Pictures with short captions

"""

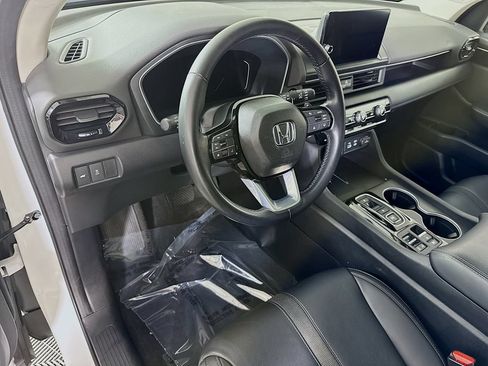 Used 2023 Honda Pilot Touring image 20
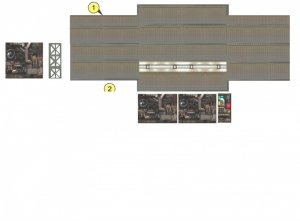 gratings.jpg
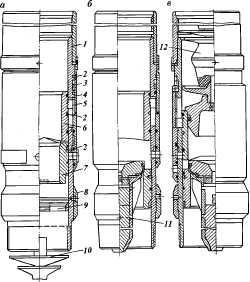 tmpDF9-23.jpg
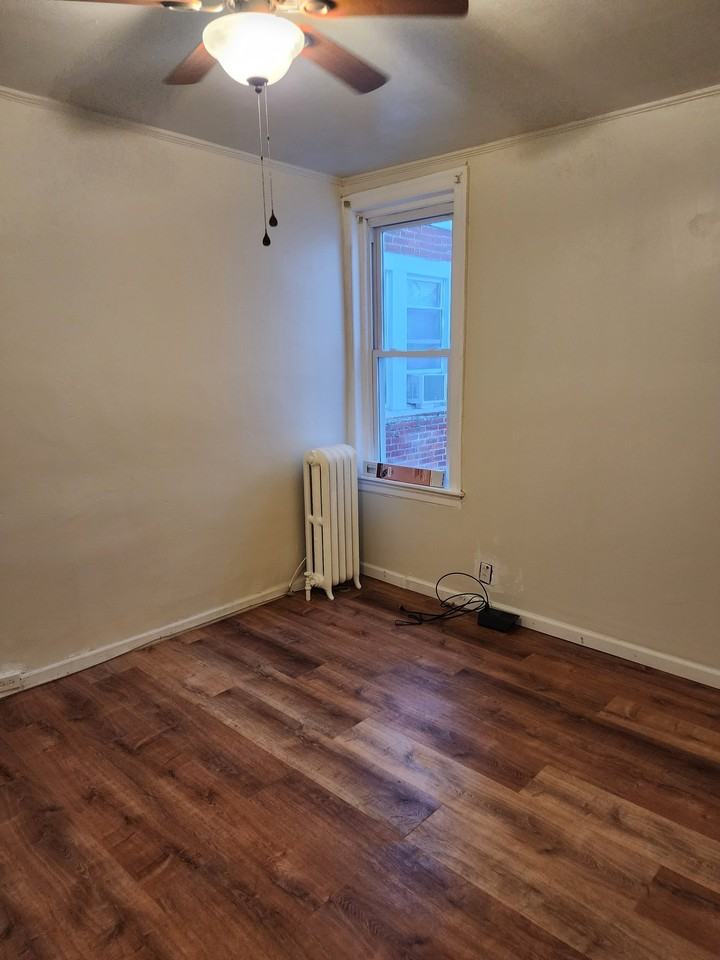 2115 Stenton Ave #2 - Photo 3 of 6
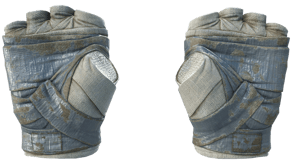 Duct Tape image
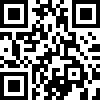 https://isna.ir/xhyMs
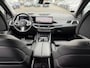BMW X5 xDrive50e 489pk M-Sport Lucht Swarovski Trekh HUD 4W-best Zetels H&K Laser Alcant.Hemel VOL!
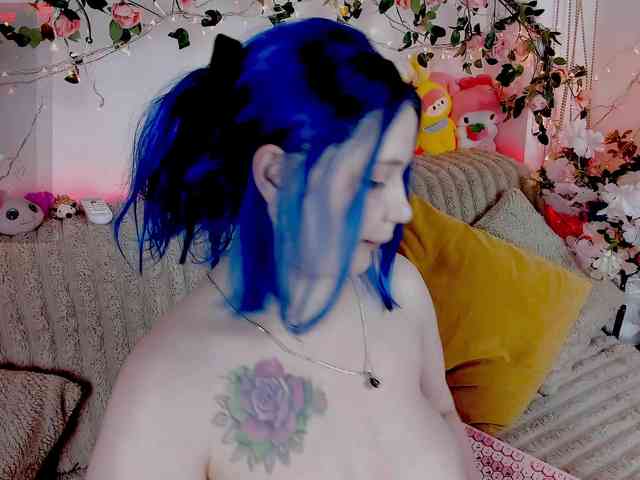 Modelo: MiuAmano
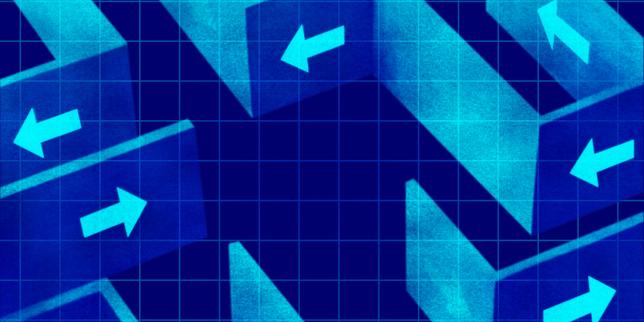 Gemini, l’IA de Google, s’est introduit dans les systèmes de trois entreprises lors d’un test au mois de mai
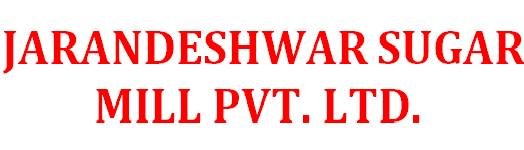 JARENDESHWAR SUGAR MILLS PVT. LTD. logo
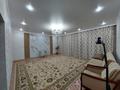Отдельный дом · 5 комнат · 250 м² · 10 сот., улица Кенесары-хана 53 — Каюма Мухамеджанова за 42 млн ₸ в Актобе, жилой массив Акжар-2 — фото 3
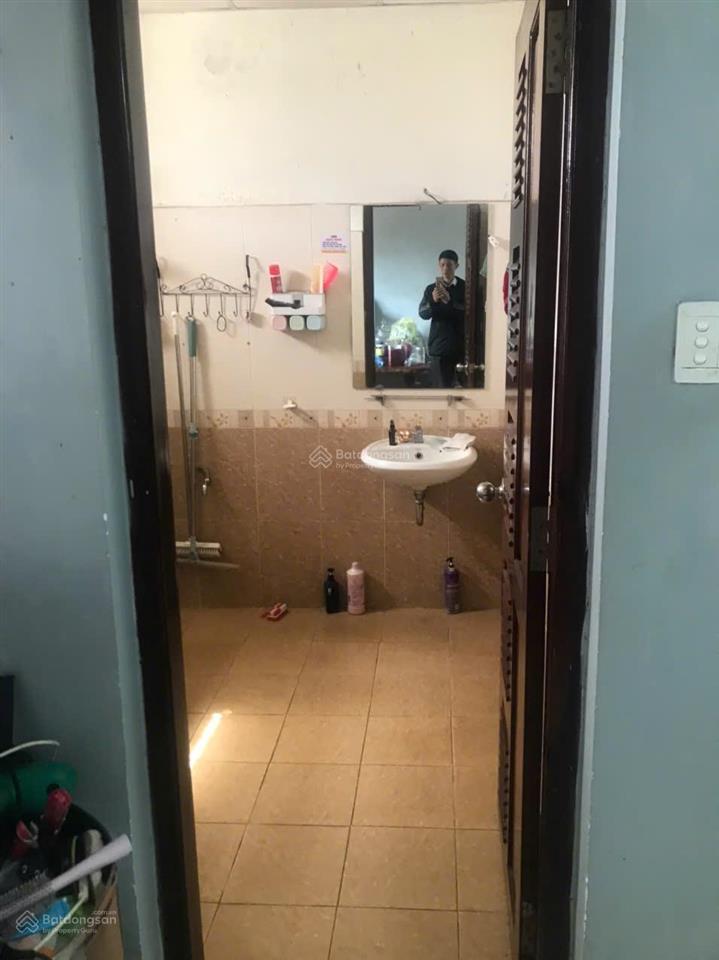 Bán nhà lê duẩn, buôn ma thuột, giá 14 tỷ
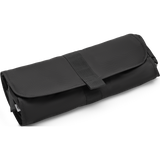 Bugaboo Butterfly Transport Bag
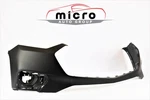 18 19 20 21 Chevy Traverse Front Bumper Cover Oem Primed 84088059. Fixed Price $425.00.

"""

Using the data above, set down each line from the line with "BMW X5 xDrive50e" to the line with "Bugaboo Butterfly Transport Bag" exactly, both ends included, and leave the pictures behind. Nothing else belongs.

BMW X5 xDrive50e 489pk M-Sport Lucht Swarovski Trekh HUD 4W-best Zetels H&K Laser Alcant.Hemel VOL!
 Modelo: MiuAmano
 Gemini, l’IA de Google, s’est introduit dans les systèmes de trois entreprises lors d’un test au mois de mai
 JARENDESHWAR SUGAR MILLS PVT. LTD. logo
Отдельный дом · 5 комнат · 250 м² · 10 сот., улица Кенесары-хана 53 — Каюма Мухамеджанова за 42 млн ₸ в Актобе, жилой массив Акжар-2 — фото 3
 Bán nhà lê duẩn, buôn ma thuột, giá 14 tỷ
 Bugaboo Butterfly Transport Bag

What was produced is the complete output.